--- Data excerpt Enclosed Below ---

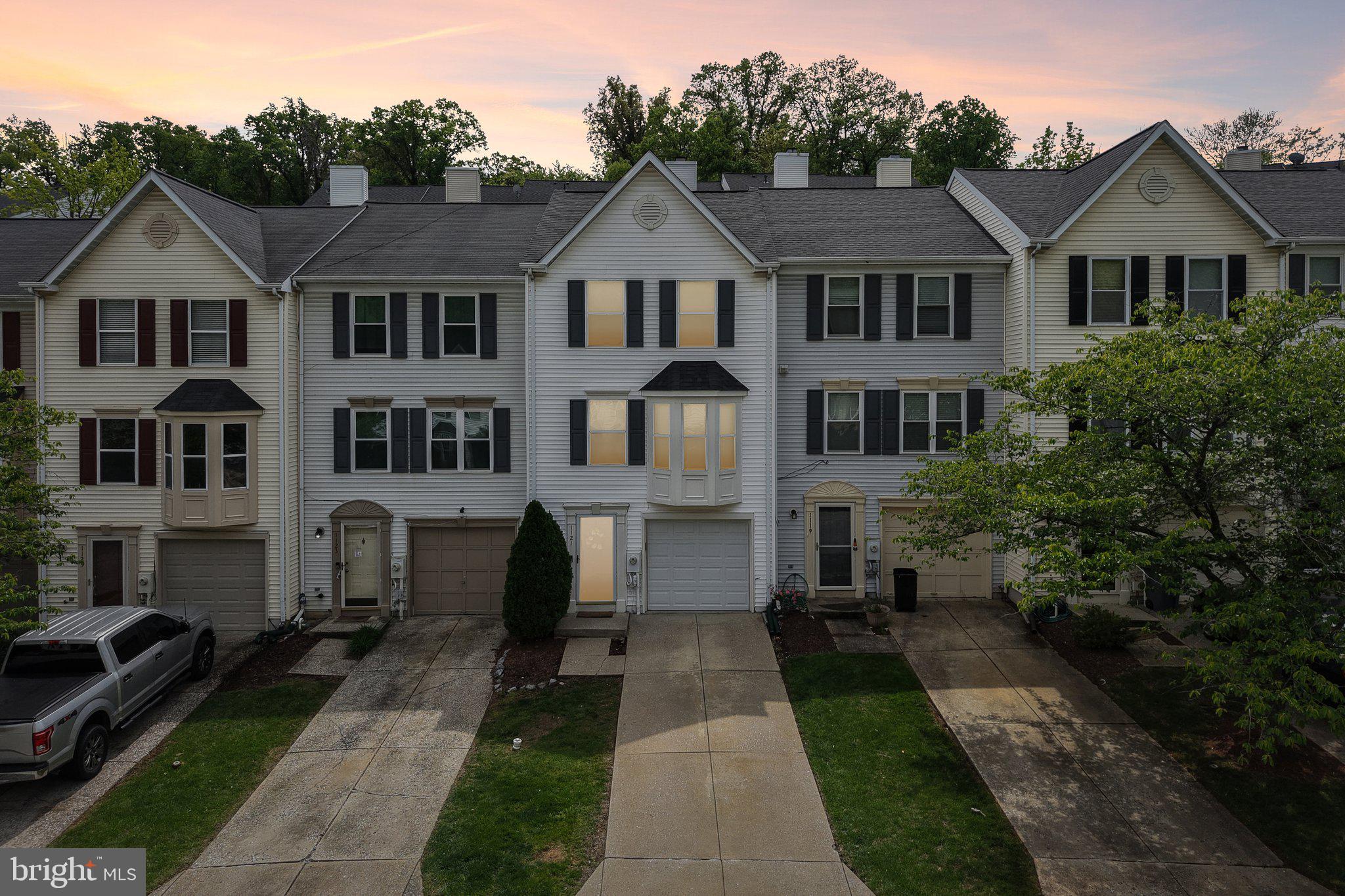 RIVERCHASE - Residential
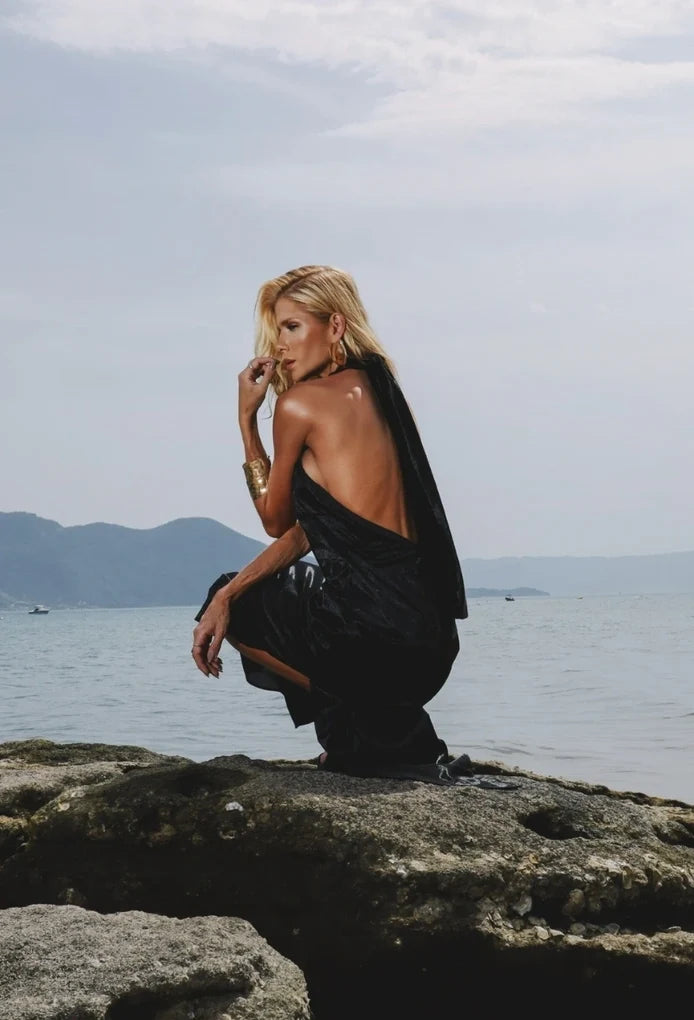 Detalhe das costas abertas do vestido longo Kelly preto acetinado — Dress Eleven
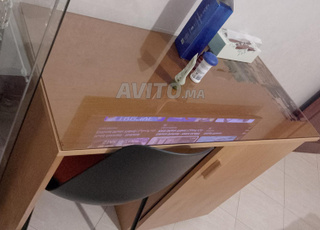 مكتب بالخشب ذو جودة عالية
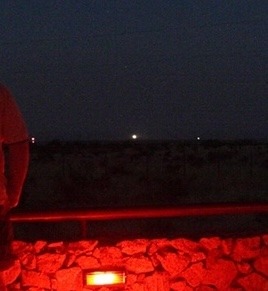 Cropped version of the 2009 viewing-platform photograph, with the light in the centre.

--- End of Enclosed Data excerpt ---

Problem details
Repeat each line word for word, from the one with "Detalhe das costas" down to the last line of the data, and keep the pictures out of it.

Answer box
 Detalhe das costas abertas do vestido longo Kelly preto acetinado — Dress Eleven
 مكتب بالخشب ذو جودة عالية
 Cropped version of the 2009 viewing-platform photograph, with the light in the centre.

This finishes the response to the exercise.